Abbiamo vissuto un piccolo rinnovamento della Caritas, con un aggiustamento dell’organizzazione e l’ingresso di qualche figura nuova. Fare memoria nella luce della Pasqua, in questo caso, significa riconoscere la grandezza umana e spirituale delle persone che in tutti questi anni non solo non ci hanno fatto vergognare, ma ci hanno fatto essere orgogliosi del nome della nostra parrocchia: Santa Maria della Carità. Grazie a loro la carità è stata splendente e c’è solo da ringraziarli, infinitamente, per questa qualità che hanno immesso con sobrietà, spirito di servizio e nascondimento a tutta la nostra pastorale. Ci dà speranza e ci fa guardare alle cose future la continuità che hanno saputo generare.

Poi c’è la vita dei gruppi: bimbi, ragazzi, giovani e adulti. Un’ambiente vivace, in cui si può sicuramente fare meglio, ma anche segnato da esperienze genuine e liete. La luce pasquale ci dice che il Signore continua a chiamare alla fede, a generare nello Spirito, ben al di là delle nostre capacità, ma che questa consapevolezza rassicurante non è una scusa per tirare i remi in barca o per dire: “Ci pensa lo Spirito Santo”, bensì uno stimolo per mettersi ancora di più in ascolto della sua guida, docili alle sue intuizioni e strumenti energici della sua potenza di vita.

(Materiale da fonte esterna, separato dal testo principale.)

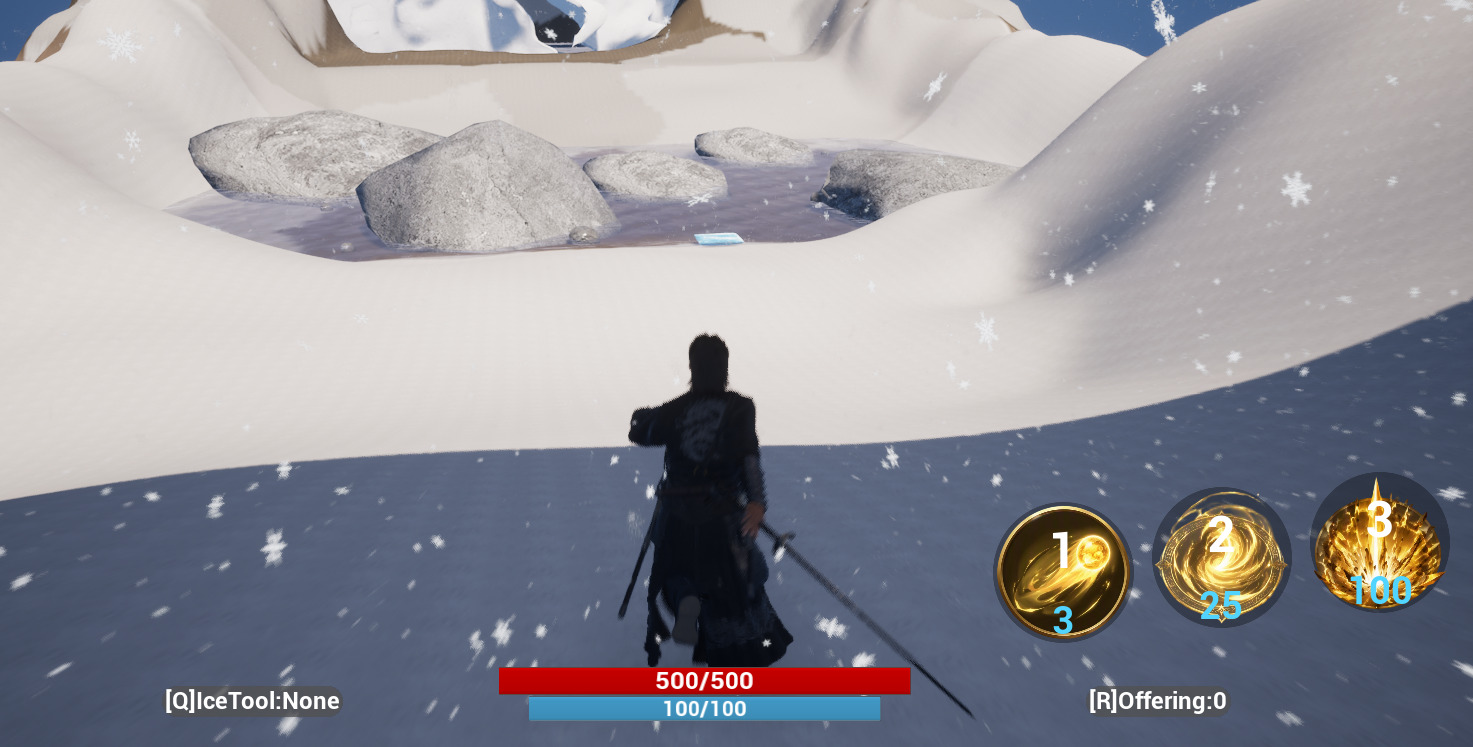 The river and distant cave ahead of the player during the escape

Infine, vorrei ricordare le celebrazioni di Pasqua. Soprattutto tre gesti, che forse sono passati quasi inosservati. Il fatto di essere due preti a fare la Lavanda dei piedi, segno di una dimensione di comunione al servizio. Il fatto di essere tutti giù dal presbiterio in ascolto della Parola di Dio nella celebrazione del Venerdì Santo, davanti all’altare spoglio, segno del Cristo morto. Una chiesa tutta “sotto” la Parola come discepola e raccolta – ministri e popolo – nella custodia tenera e cara del corpo di Gesù. Da ultimo, il gesto della Veglia Pasquale: quel sentire confessare la fede nella resurrezione e l’augurio per la vita della Chiesa da parte dei giovani, quel vedere accendere dalle loro mani il Cero pasquale. Nel bellissimo Messaggio ai giovani al termine del Concilio Vaticano II è scritto: “È soprattutto per voi, giovani, che la Chiesa – con il Concilio – ha acceso una luce.” Oggi, forse, si potrebbe dire il contrario: “È soprattutto per te, Chiesa, che i giovani hanno acceso una luce.”